Exercise
Begin at the top of the listing below. Write each line out exactly, ending with the line that holds "Alfileres de cabeza".
---
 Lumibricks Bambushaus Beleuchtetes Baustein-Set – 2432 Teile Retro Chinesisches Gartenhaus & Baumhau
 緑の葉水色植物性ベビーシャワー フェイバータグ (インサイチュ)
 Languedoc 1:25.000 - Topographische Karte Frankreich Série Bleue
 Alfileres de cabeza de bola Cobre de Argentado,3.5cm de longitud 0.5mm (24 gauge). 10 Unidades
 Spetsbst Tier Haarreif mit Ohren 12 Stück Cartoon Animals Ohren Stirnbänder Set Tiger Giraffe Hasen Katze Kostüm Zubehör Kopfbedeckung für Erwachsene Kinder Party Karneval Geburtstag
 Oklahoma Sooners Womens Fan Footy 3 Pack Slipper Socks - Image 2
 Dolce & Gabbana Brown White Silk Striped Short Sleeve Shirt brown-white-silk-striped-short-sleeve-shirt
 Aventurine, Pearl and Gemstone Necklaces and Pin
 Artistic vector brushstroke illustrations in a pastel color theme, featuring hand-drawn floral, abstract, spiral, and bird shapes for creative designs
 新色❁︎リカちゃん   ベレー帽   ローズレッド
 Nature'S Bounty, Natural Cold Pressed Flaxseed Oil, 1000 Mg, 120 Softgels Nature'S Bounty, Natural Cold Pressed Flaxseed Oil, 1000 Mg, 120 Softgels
---
The completed task
 Lumibricks Bambushaus Beleuchtetes Baustein-Set – 2432 Teile Retro Chinesisches Gartenhaus & Baumhau
 緑の葉水色植物性ベビーシャワー フェイバータグ (インサイチュ)
 Languedoc 1:25.000 - Topographische Karte Frankreich Série Bleue
 Alfileres de cabeza de bola Cobre de Argentado,3.5cm de longitud 0.5mm (24 gauge). 10 Unidades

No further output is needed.